Muitos dias depois, já de volta ao meu quarto em
Portugal, em meio aos manuscritos e às anotações, como o assunto fosse difícil
e o sono fugisse, conheci melhor Macau. Era a sua Revista de Cultura,
eram os livros do Boxer, eram as traduções do Pe. Guerra. Tudo eram amigos, ou
pelo menos conhecidos de outras viagens noturnas e insones. E vários novos,
trazidos na bagagem, ou extraídos de uma estante de alfarrabista.
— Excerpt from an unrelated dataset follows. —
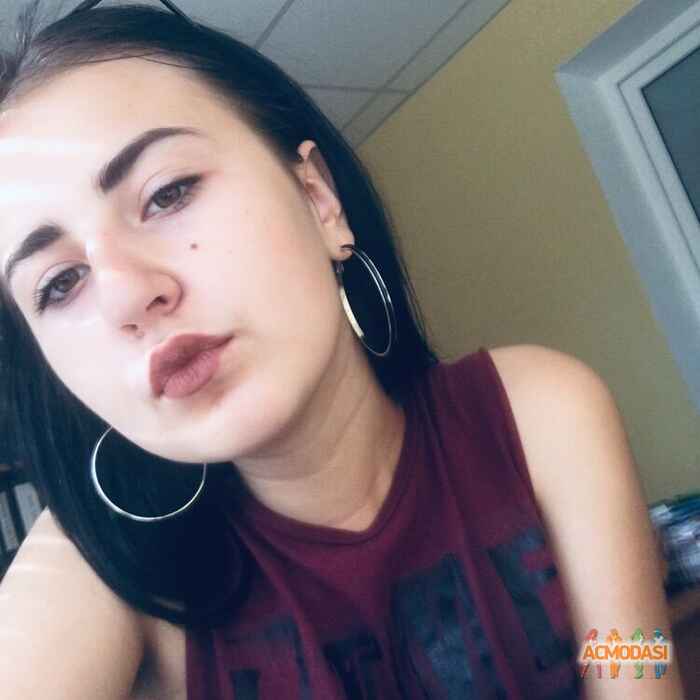 Анастасія Віталіївна Кудояр фото №1446753. Завантажено 10 Вересня 2019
Um,
inclusive, que comecei a ler ainda quando hóspede da casa que tem o nome de
jardim, durante as longas noites brancas de jetlag, enquanto esperava os
chineses trazerem os pássaros ao Pa Kap Chow, às seis horas da manhã: o livro
de crônicas de João
Manuel Amorim, O Vento e as Estátuas.
Pude então reviver, em várias épocas e vários planos,
a distante e sufocante Macau, já agora filtrada pelas palavras dos que melhor a
conheceram e alimentada pela memória, que é sempre generosa e pródiga: uma
cidade mais intensa e mais colorida do que a que percorri, me perdendo pelas
ruas até deparar, de repente, com uma igreja sem nave, tragicamente erguida no
centro de uma praça; ou descobrir, por uma fresta numa janela, um quarto que
podia ter sido avistado também por Pessanha, nos bricabraques, em busca de mais
uma obra de arte para ficar depois encaixotada no porão de um museu de Coimbra.
Faz agora quinze anos que visitei Macau pela primeira
e única vez. Com os papéis que pude ou não pude ler — interrogando contra a luz
quantas palavras indecifráveis! —, com o meu próprio desespero da leitura de
uns poucos papéis espalhados nas duas pontas do velho mundo, tentei depois
reconstruir os gestos todos deixados pela mão do morto; tentei ressuscitar o
que fora uma vez escrito e rasurado e depois outra vez anotado, numa seqüência
cujo fim não parece possível decidir.
Cumpria, nesse trabalho, um voto obscuro, feito no
cemitério de São Miguel, junto com uma oferenda: o ter tentado, com base em
testemunhos vários, recompor o que fora aquela vida, os horizontes que mirava e
os que lhe fugiam a cada ano de desgosto com a pátria distante, que insistiria
sempre no último insulto de não expor nem valorizar o resultado de uma vida de
buscas: a coleção chinesa, só com custo aceita pelo Estado português, para
dormir sepulta, em Coimbra, como o poeta dormiria, até hoje, em Macau.
Uma dupla oferenda, na verdade, pois era também ao
outro, ali enterrado com o pai: o gesto necessário de lhe tirar das costas a
acusação infame de ter sido o responsável pela dispersão do que tinha guardado ao
longo de anos de pobreza e isolamento. Ainda hoje corre a lenda. Tanto é mais
fácil jogar a culpa para os ombros do filho, ainda mais que mestiço e
ilegítimo, do que reconhecê-la nos amigos portugueses, executores omissos de um
testamento que se conservou, mas não se cumpriu.
Como pude, cumpri o voto, com a edição, em 1995, de
todos os versos e versões assinados por Pessanha ou por outros atribuídos a
ele.
Muitos anos depois, o único documento que em vão
busquei em Macau veio finalmente à luz. E há poucos meses pude ver que a parte
do trabalho que eu não pude fazer agora está feita, numa edição de Macau: A poesia de Camilo Pessanha, de Carlos Morais José e
Rui Cascais — volume que permite que agora contemplemos os que talvez sejam os
últimos gestos textuais de Camilo Pessanha que poderemos recobrar: as correções
que ele fez aos seus versos publicados na revista Centauro.
Com base nesse trabalho, o meu próprio terá de ser,
com a alegria imaginável de poder levar a cabo uma empreitada de tantos anos,
refeito, emendado, acrescido. É a tarefa a que, em breve, me dedicarei.
Quando me debruçar sobre as páginas da Centauro, generosamente reproduzida
pelos pesquisadores, por certo visitarei outra vez na memória, agora com a
nostalgia que o longo intervalo permite, a sala bem iluminada do Arquivo
Histórico; as ruelas do bazar que talvez já não exista na sua confusão de
comidas, roupas e bicicletas; a água barrenta do grande rio que contemplei nos
longos passeios entre as leituras; a silhueta inesquecível da ponte; o ruído,
ao meio-dia, das pedras do mahjong; a balbúrdia dos pássaros e dos cantores, no
raiar do dia, junto à gruta de Camões.